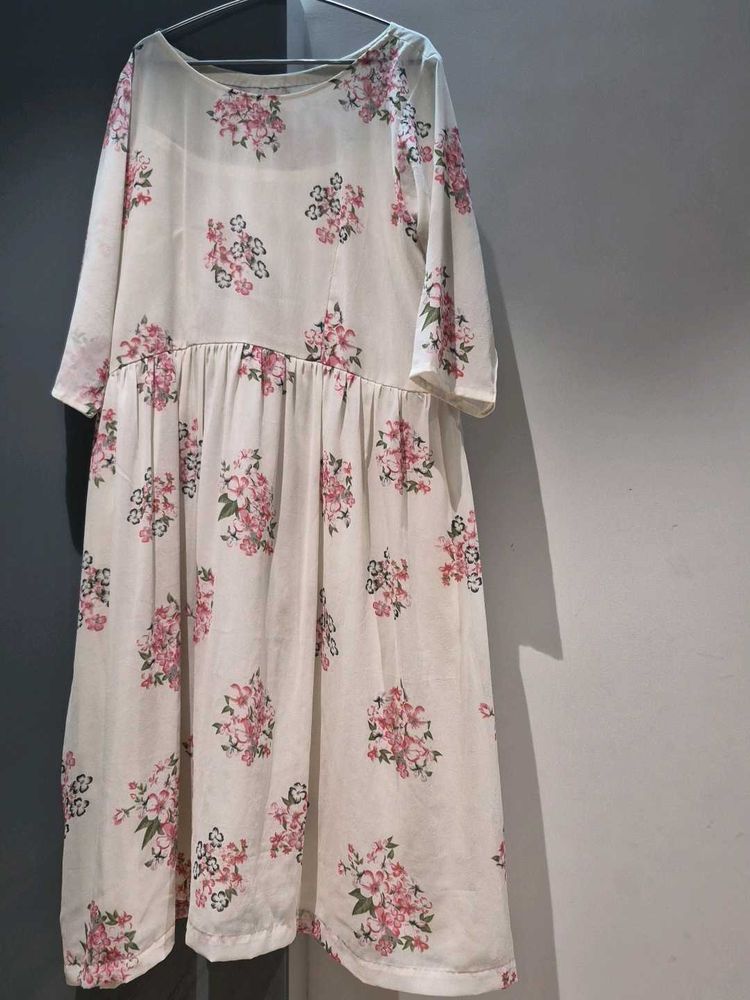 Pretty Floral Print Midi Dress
==
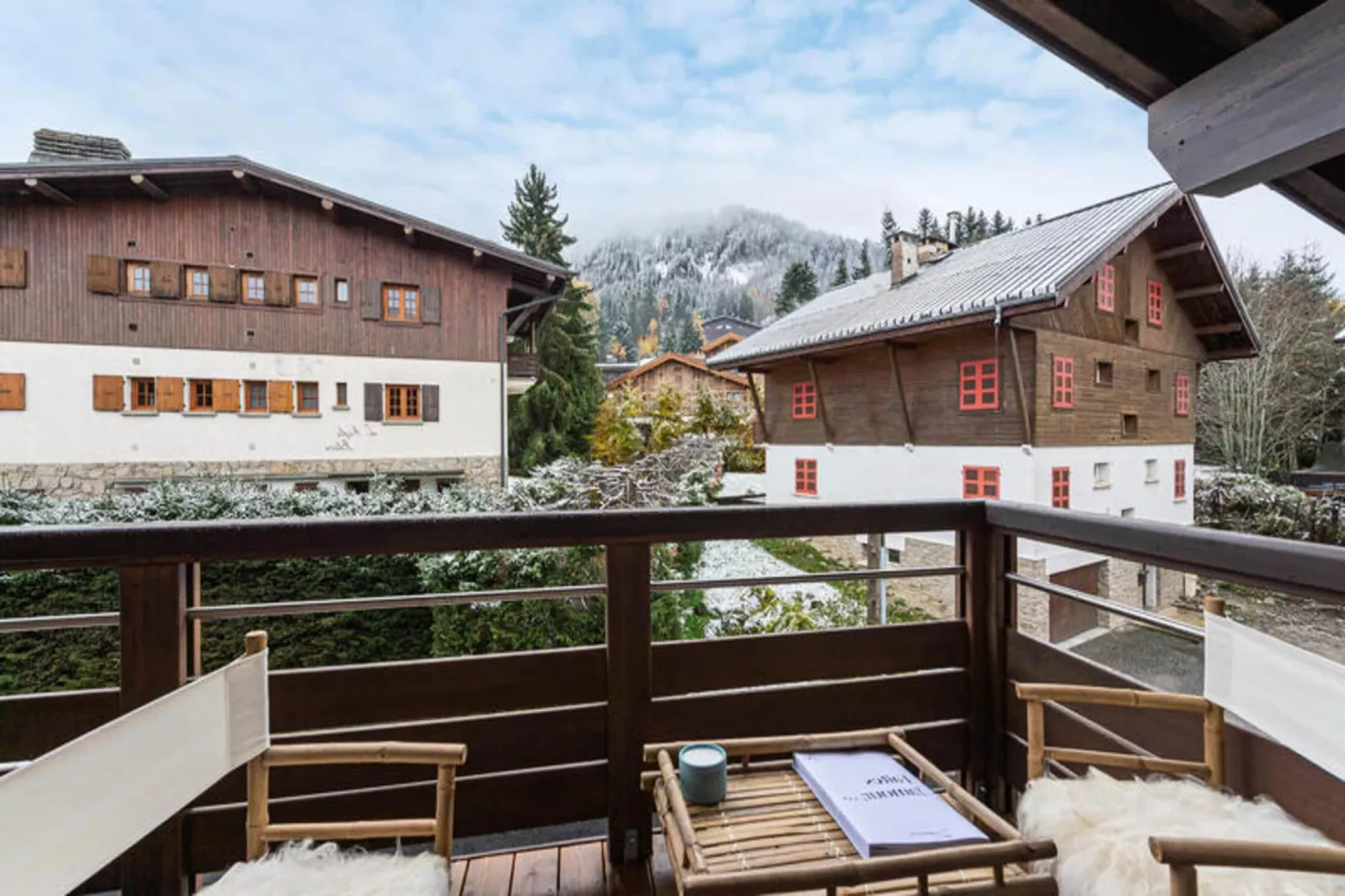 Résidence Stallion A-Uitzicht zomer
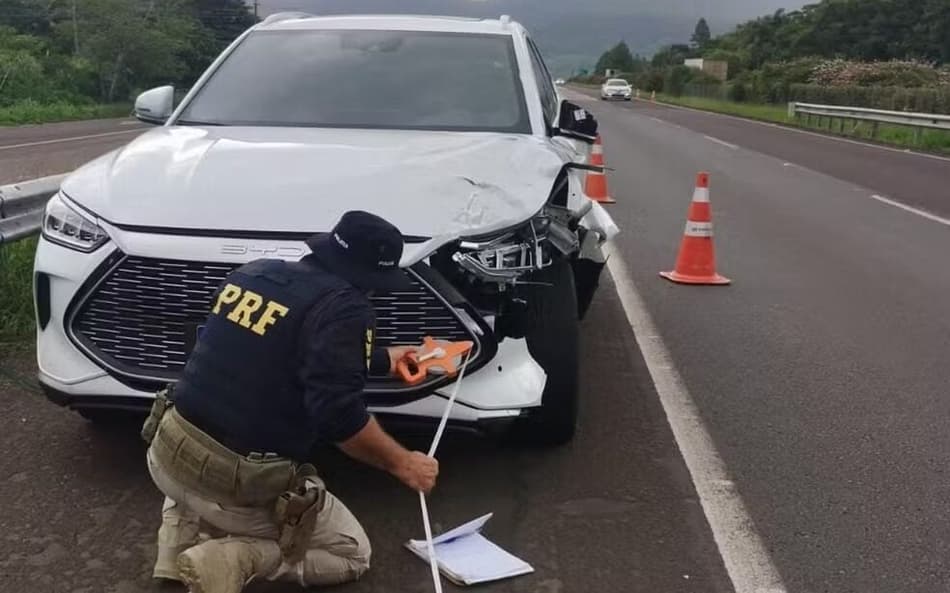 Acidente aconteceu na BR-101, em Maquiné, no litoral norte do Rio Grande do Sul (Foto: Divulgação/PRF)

** Task brief **
From the listing above, repeat only the lines between the line containing "Résidence Stallion A-Uitzicht zomer" and the line containing "Acidente aconteceu na", those two included. Pictures are not part of the copy.

** Output **
 Résidence Stallion A-Uitzicht zomer
 Acidente aconteceu na BR-101, em Maquiné, no litoral norte do Rio Grande do Sul (Foto: Divulgação/PRF)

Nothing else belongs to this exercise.